Big men with big egos confront one another in the “greatest democracy”
Jul 20, 2024As the US presidential election contest heats up, there is bemusement in Papua New Guinea.
In May 2023, I was approached by media sources for a comment on the cancellation of President’s Biden’s intended visit to Papua New Guinea (and Australia) while travelling to attend a G-7 meeting in Japan – a cancellation prompted by a domestic crisis resulting from the failure of Congress to pass the budget. Would Papua New Guinea be offended, I was asked; would this impair the US’s efforts to establish closer relations with Papua New Guinea?
I declined the invitation to comment, suggesting that, of those who were aware of the planned visit, perhaps Prime Minister Marape and some of his ministers might be a little disappointed though many might be relieved to avoid the expense of a visit and the hassles of dealing with the security issues of such a visit in conjunction with the president’s security detail and media entourage.
In any case, Papua New Guineans understood the primacy of domestic issues over international diplomacy.
But what did have some impact, on politicians and officials frequently being lectured to on ‘good governance’ by the World Bank, donor governments and others, was bemusement at the fact that the President of the United States of America should have to cancel an international visit in order to deal with a domestic budgetary problem.
There was however some hostile reaction to President Biden’s offhand remark early in 2024 that his uncle may have been eaten by cannibals when his plane was shot down in New Guinea during World War II.
In the meantime, as part of its ‘Pacific pivot’, the US government had included Papua New Guinea as one of nine countries to receive assistance under its Global Fragility Act initiative, highlighting electoral violence in Papua New Guinea and the country’s ‘importance in a vital geostrategic region’.
Almost two decades earlier, Papua New Guineans had taken strong exception to Australian Prime Minister John Howard’s references to the arc of instability in ‘Australia’s backyard’ and to Foreign Minister Alexander Downer’s description of Papua New Guinea as a ‘fragile state’, but there was little apparent objection to the American initiative in 2022.

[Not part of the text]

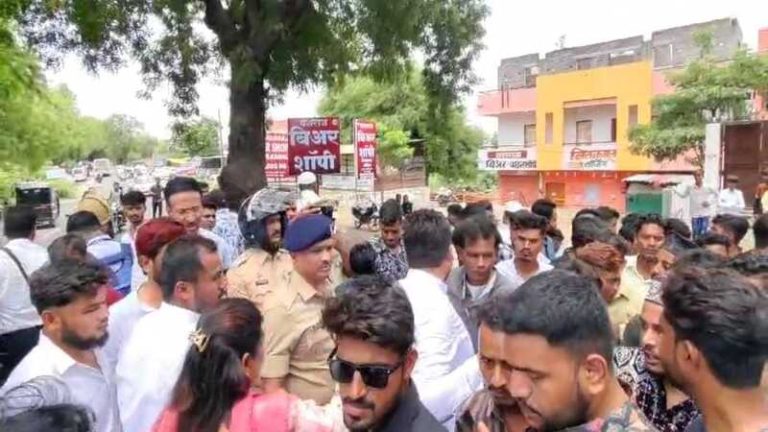 बकरीद पर दी गाय की कुर्बानी, हिंदुओं ने विरोध किया तो प्रदर्शनकारियों पर मुस्लिम भीड़ टूटी: मतीन, रहीम समेत 19 पर केस दर्ज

(In a draft review of the year in Papua New Guinea for the ANU’s East Asia Forum, I suggested that perhaps Papua New Guinea might reciprocate by offering the US advice on such good governance issues as judicial integrity and electoral systems – Papua New Guinea having transitioned from first-past-the-post voting to limited preference voting while the American Fair Vote organisation continues to press for what it calls ranked choice voting in the US. [The EAF deleted the suggestion!])
Indeed during 2023, Papua New Guinea went on to sign several agreements with the US, including an enhanced Defence Cooperation Agreement (negotiations over which had begun in 2016) and to receive visits from the US defence secretary and the USAID administrator. Within the US defence establishment there seems to have been a view that this was a significant gain over China in the contest for ‘influence’ over Papua New Guinea.
Marape, however, emphasised that ‘PNG will not be a military launching pad’ and at a subsequent Pacific Islands Leaders’ Summit in Washington, chaired by President Biden, Marape expressed a wish for the US to focus on trade and development with Papua New Guinea ‘instead of focussing only on security and politics’. And the leader of the parliamentary opposition challenged the DCA and applied for a Supreme Court interpretation on its constitutionality.
Now, as the US presidential election contest heats up there is further bemusement in Papua New Guinea. Papua New Guineans take elections very seriously, and they are used to watching big men with big egos confronting one another. But a contest for leadership, in what most Americans think of as the world’s greatest democracy, between an old man clearly past his peak and a bombastic convicted felon? Whatever happened to good governance?